La mention erronée dans la requête en prolongation de la date du jugement ayant condamné, [H], [C] à la peine d’interdiction du territoire français ne pouvait être considérée que comme une erreur matérielle alors que, tant le jugement complet que la fiche d’interdiction étaient jointes à celle-ci, la date mentionnée par erreur correspondant en réalité au point de départ de l’exécution du jugement.
La requête motivée, datée, signée et accompagnée de toutes pièces justificatives utiles dont la copie du registre prévu à l’article L744-2 du CESEDA est recevable.
La décision du premier juge est infirmée sur ce point.
Sur le bien-fondé de la requête
L’article L. 741-3 du CESEDA rappelle qu’un étranger ne peut être placé ou maintenu en rétention que le temps strictement nécessaire à son départ et que l’administration doit exercer toute diligence à cet effet.

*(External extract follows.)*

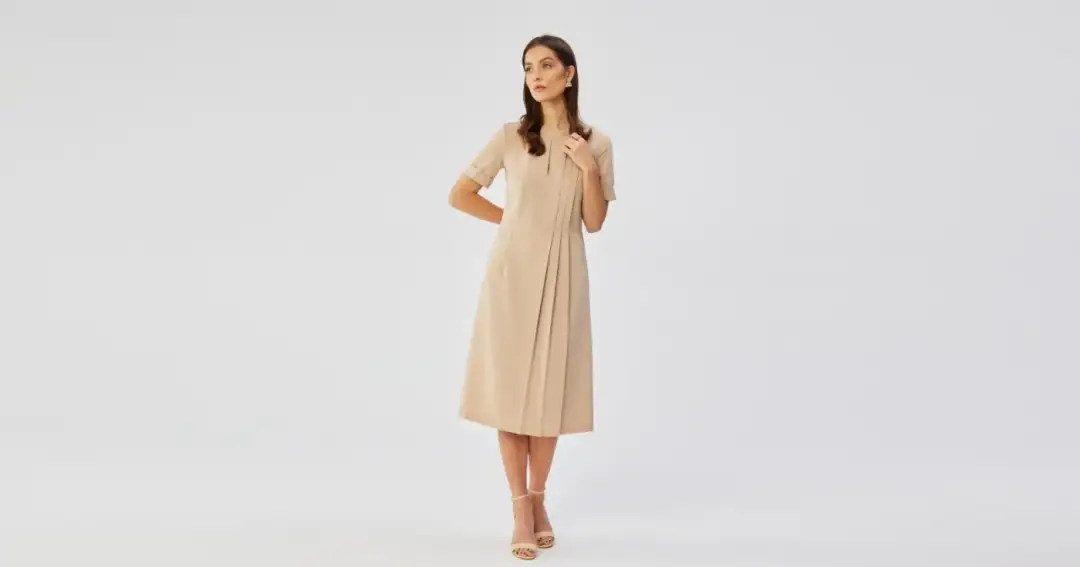 Jak się ubrać na wesele po 50? Stylowe kreacje i porady Aurelii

Larticle L 742-1 du CESEDA dispose que 'le maintien en rétention au delà de quatre jours à compter de la notification de la décision de placement initiale peut être autorisé, dans les conditions prévues au présent titre, par le magistrat du siège du tribunal judiciaire saisi à cette fin par l’autorité administrative'.
L’article L742-3 du CESEDA dispose que si le juge ordonne la prolongation de la rétention, celle-ci court pour une période de vingt-six jours à compter de l’expiration du délai de quatre jours mentionné à l’article L741-1.
La requête de l’autorité administrative aux fins de prolongation étant recevable, pour être motivée, et accompagnée de toutes les pièces justificatives utiles, il convient dès lors d’infirmer l’ordonnance déférée et d’ordonner la prolongation de la mesure de rétention pour une durée de vingt-six jours.
PAR CES MOTIFS
Infirmons l’ordonnance déférée.
Statuant à nouveau,
Ordonnons la prolongation de la rétention administrative de, [H], [C] pour une durée de vingt-six jours.